Sassi recently stated that he would even be willing to work with Riccardo Riccò (Vacansoleil), but only if he submitted to the Mapei centre’s way of operating.

Sassi also spoke to Gazzetta dello Sport of his involvement with Francesco Moser’s successful but controversial world hour record attempt in Mexico in 1984, where autologous transfusions formed part of the preparation. Professor Francesco Conconi was Moser’s trainer, while Sassi was part of his backroom team, along with Dr.

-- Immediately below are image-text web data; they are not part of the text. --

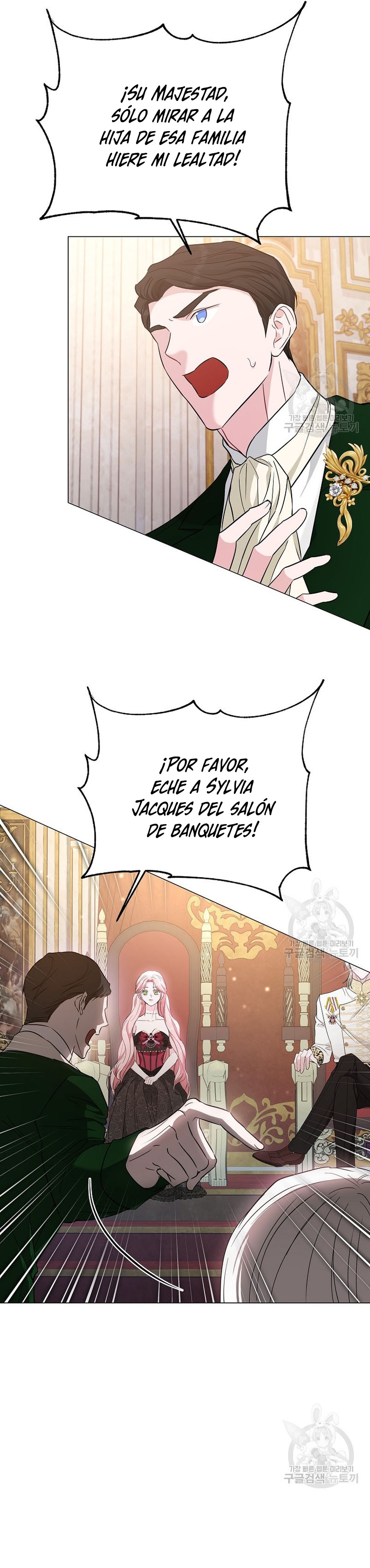 Marido tirano, con la que estás obsesionado está en otra parte Capítulo 13 - Page 33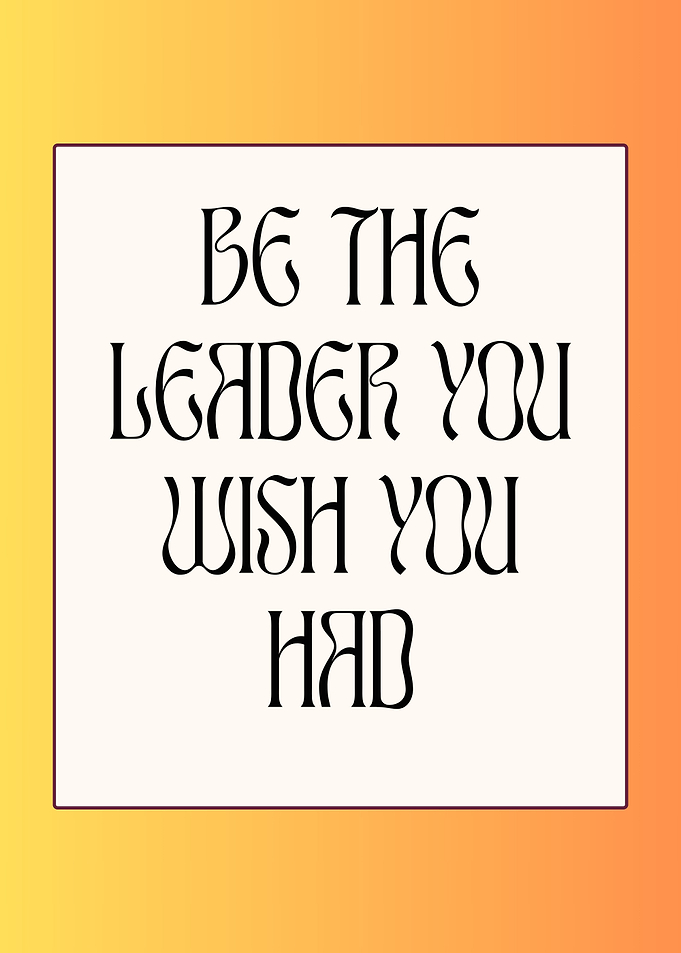 Inspirational Leadership Quote Art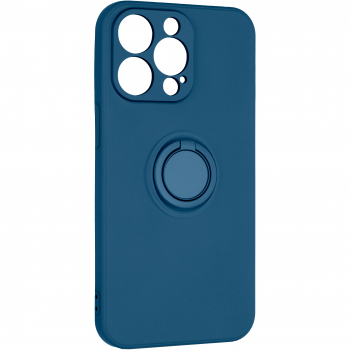 Чохол ArmorStandart Icon Ring для APPLE iPhone 13 Pro Blue (ARM68665) | Фото 1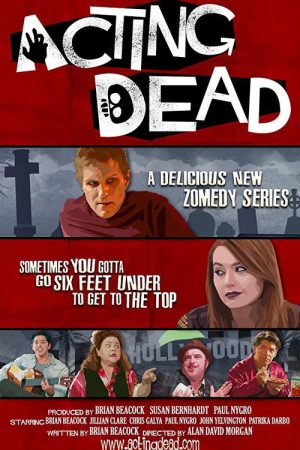 Acting Dead (2016) poster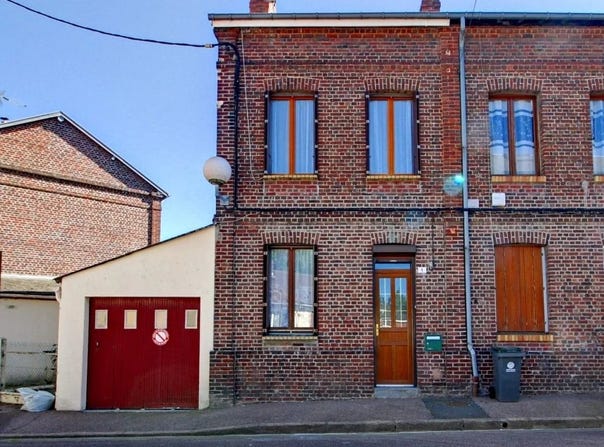 Saint-Étienne-du-Rouvray, Seine-Maritime 76800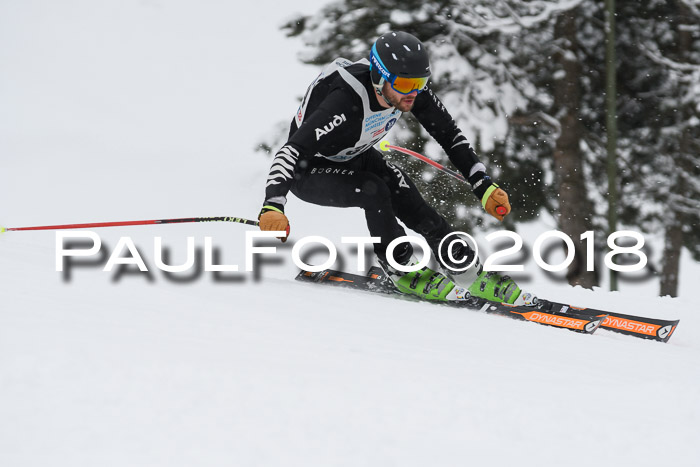 Münchner Skimeisterschaft 2018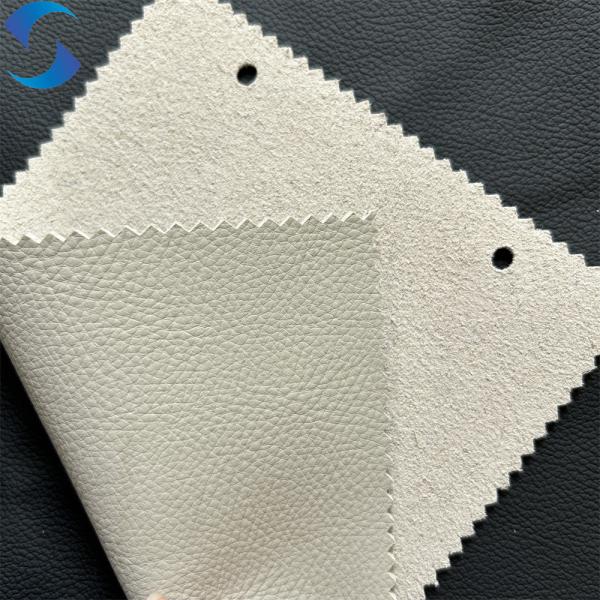 PU Sofa Furniture Durable epu leather For Contemporary Space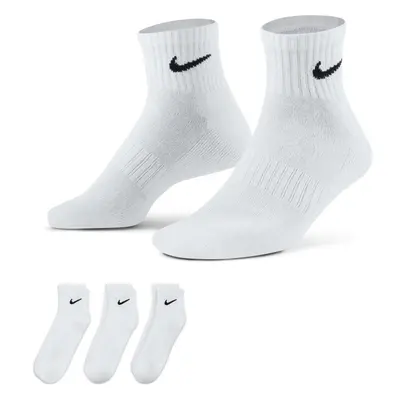 Nike Everyday Cushioned WHITE/BLACK 43168605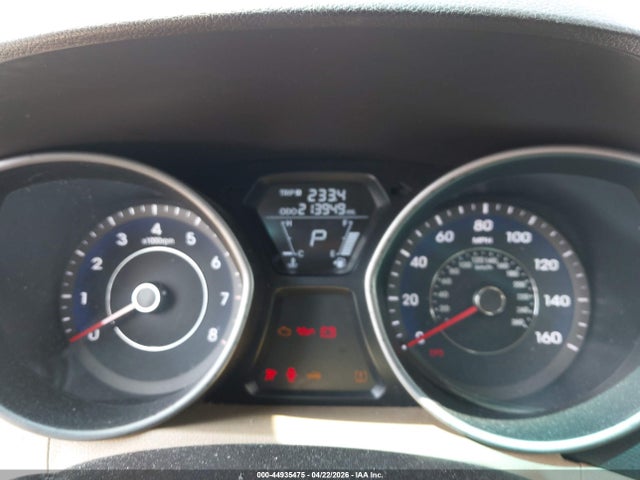 Aukcja sprzedaży 2011 Hyundai Elantra Gls, vin: 5NPDH4AE0BH025045, numer aukcji: 44935475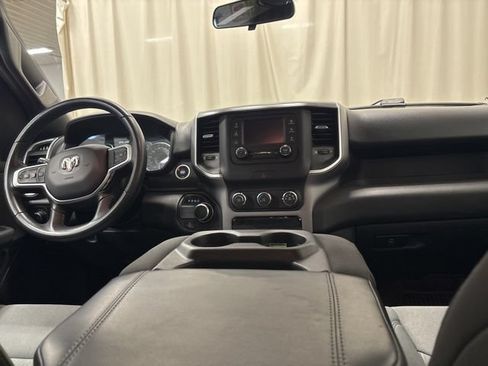 Used 2023 RAM 1500 Big Horn RWD image 20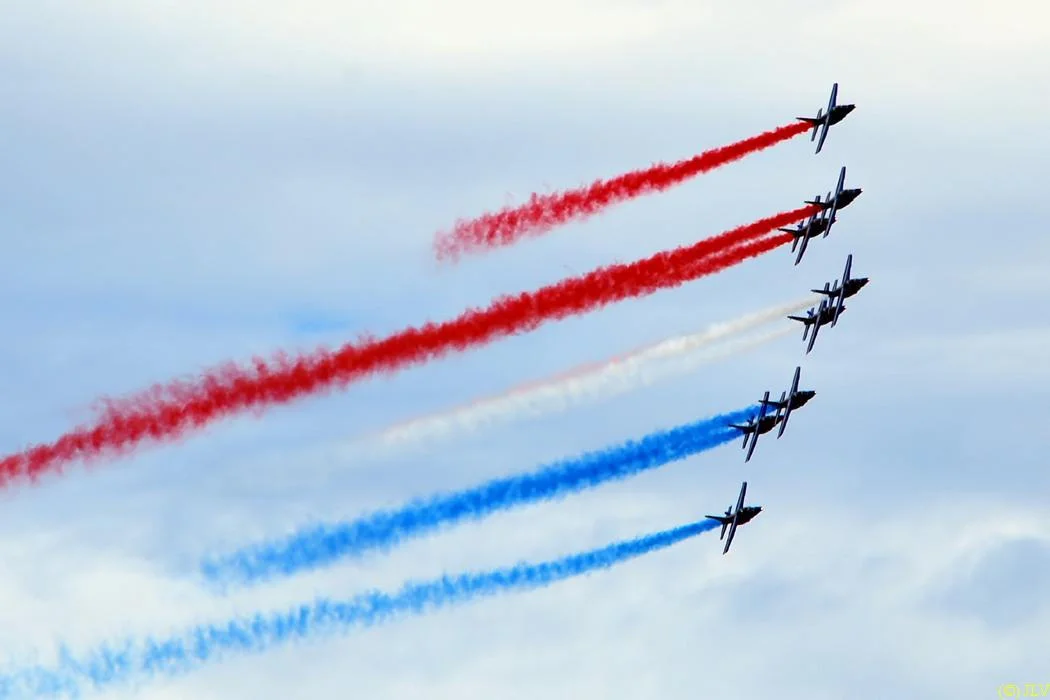 La patrouille de France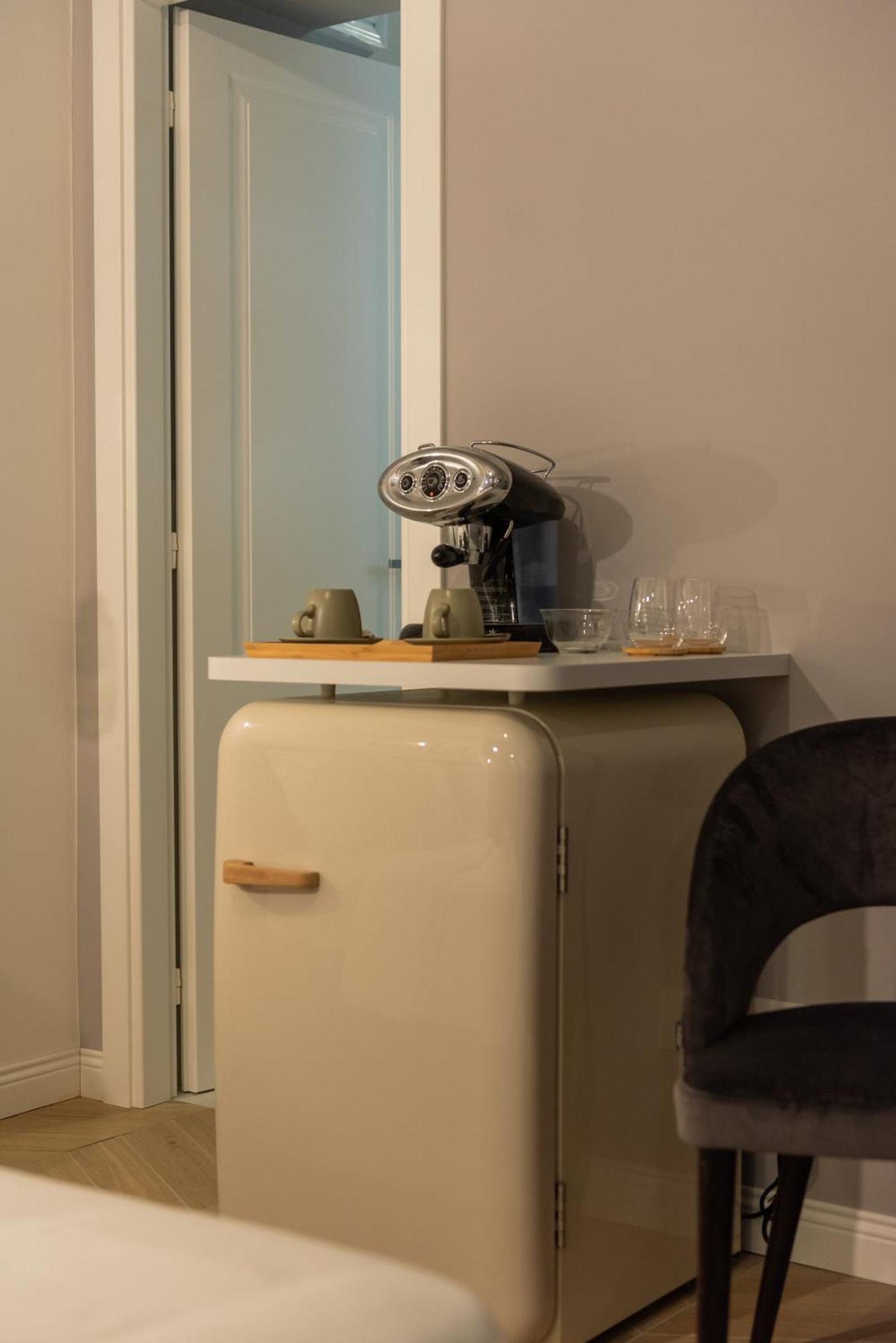 Sophia Boutique Suites Trieste Ngoại thất bức ảnh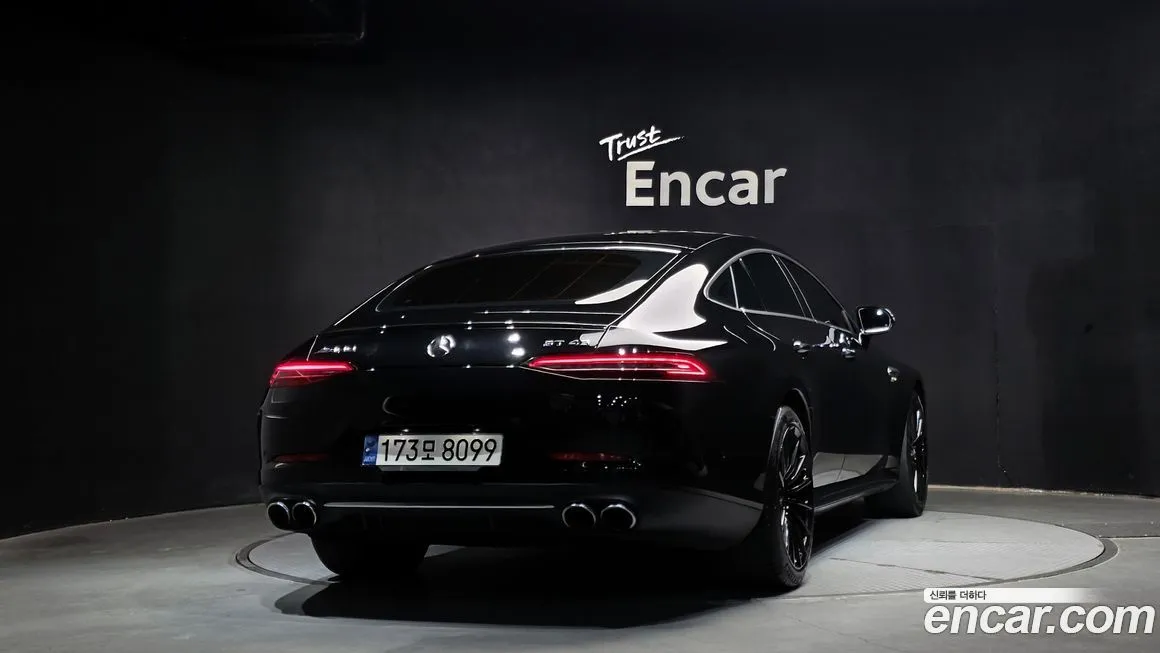 Mercedes-Benz AMG GT — фото 2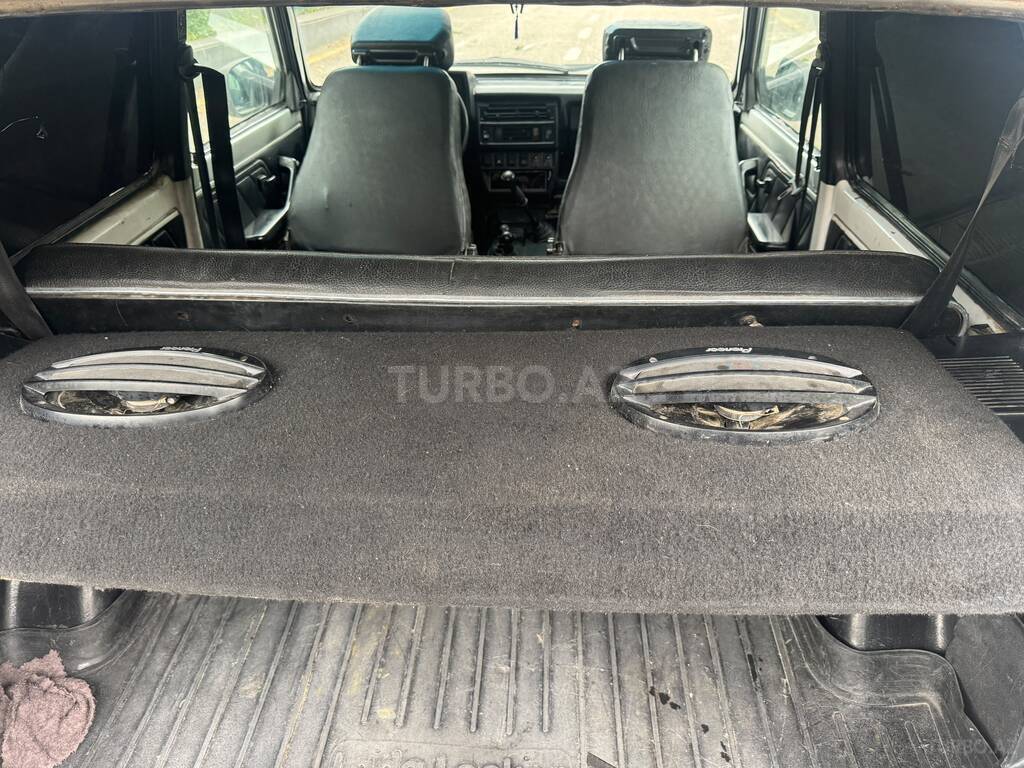Lada (VAZ) Niva, 1.7 L, 2006 il, 130 000 km 90-GD-414 — Avtomobillər, Quba (9)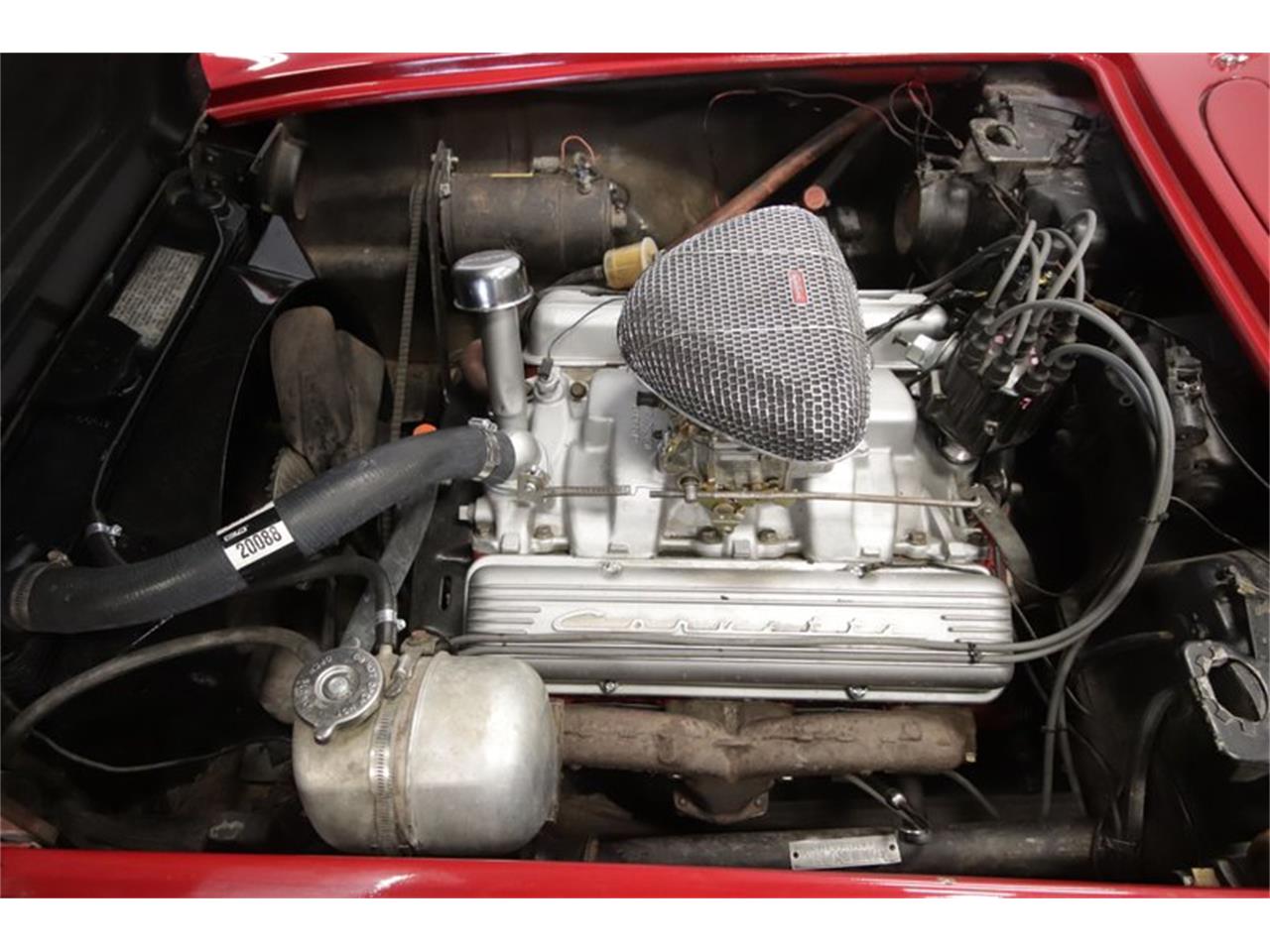 1962 Chevrolet Corvette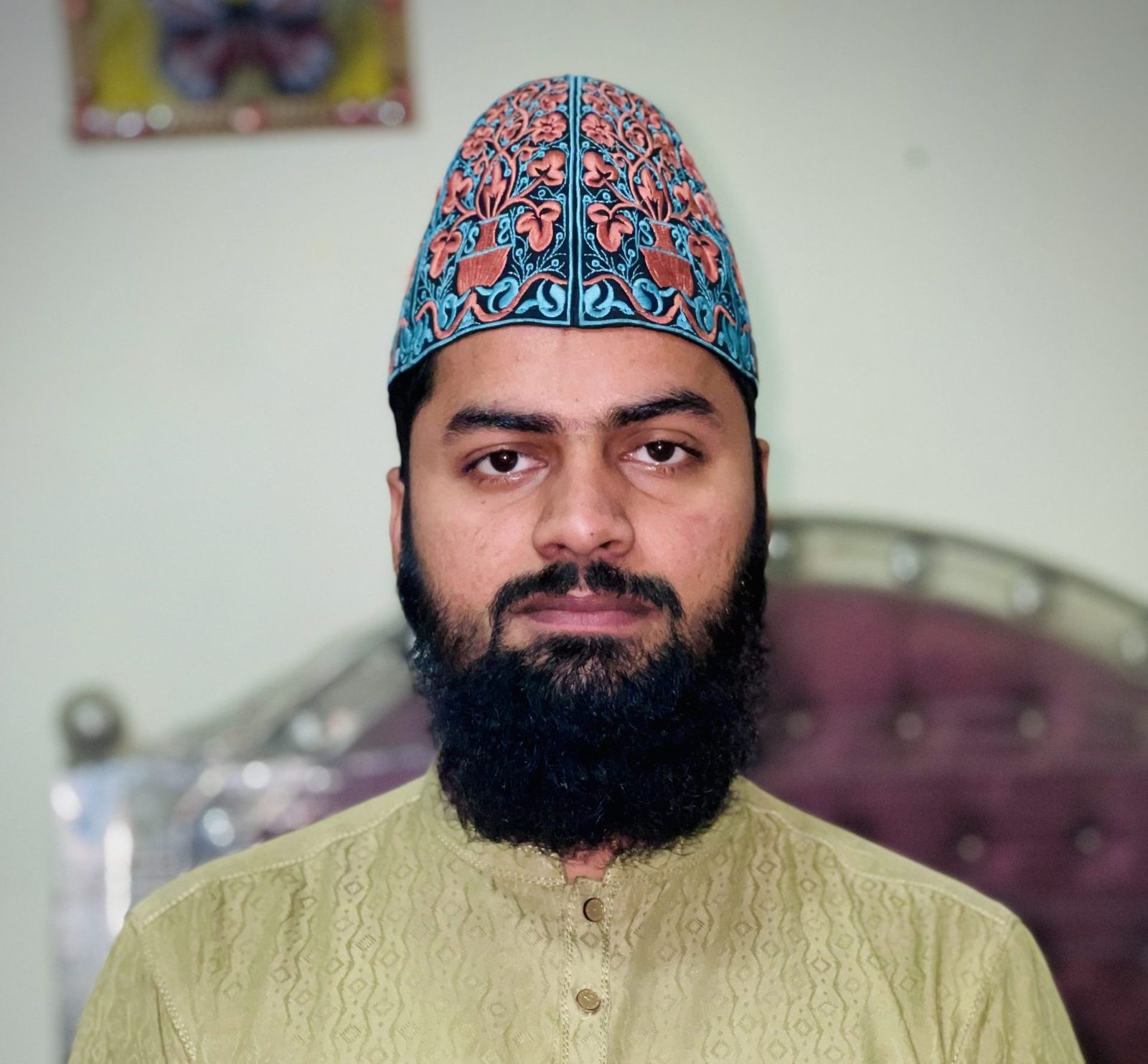 Ali Haider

Michele Ferrari.

“According to the codes and procedures of the time, that wasn’t doping but it did modify fair play and could have been a health risk,” Sassi admitted, before attempting to offer a justification. “We knew that it was a short cut, a trick. At the time, the autotransfusion was considered an application of science in sport. Then it also came to be exploited as a means of power.”